= Fixed-Mobile Convergence Alliance =

The Fixed-Mobile Convergence Alliance, formed in mid-2004, was a global non-profit organisation for improving products for providing convergence between fixed and mobile networks. The FMCA was incorporated as a not-for-profit association under New York law in August 2006. The Alliance had a membership base of 20 leading global telecom operators, most of which were integrated telecom operators owning both fixed and mobile networks. The included vendor affiliation programme made the operators able to work closely with the associate members, who were all telecommunication vendors.

==Members==
The alliance was founded by six companies: British Telecom, NTT, Rogers Wireless, Brasil Telecom, Korea Telecom and Swisscom. The purpose of this alliance was to encourage seamless integration of mobile and fixed telephone services (Technological convergence).

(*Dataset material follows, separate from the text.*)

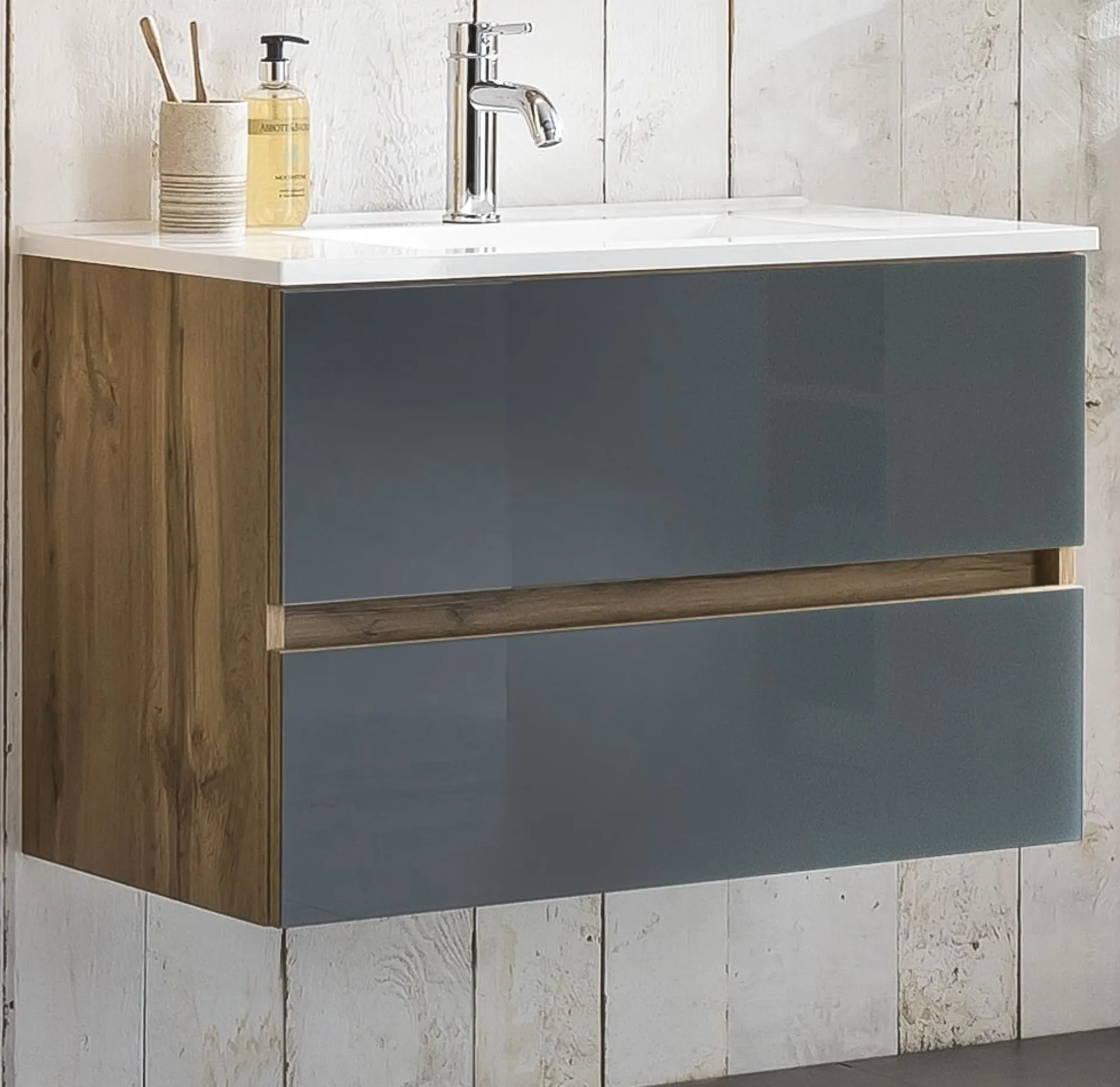 Held Helina 3 dreiteiliger Badezimmerschrank - Eiche/Grau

The member operators had a customer base of over 850 million customers and collaborated with member vendors towards accelerated development and availability of Convergence products and services in areas such as devices, access points and home gateways, roaming and innovative applications.

==Standards==
In order to accomplish its goals, the FMCA developed close relationships with leading Standards Development, Specification and Certification Organisations (SDO/Fora), including the Wi-Fi Alliance, Wireless Broadband Alliance, Home Gateway Initiative and 3GPP. The FMCA actively contributed towards the delivery of existing and emerging standards that were relevant to FMCA product and service requirements. The FMCA did not aim to create standards but rather to accelerate the adoption of the Convergence technologies by encouraging consistency across product and equipment standards.

==Disbanding==
The FMCA was disbanded in March 2010, allegedly because of lack of demand for its services.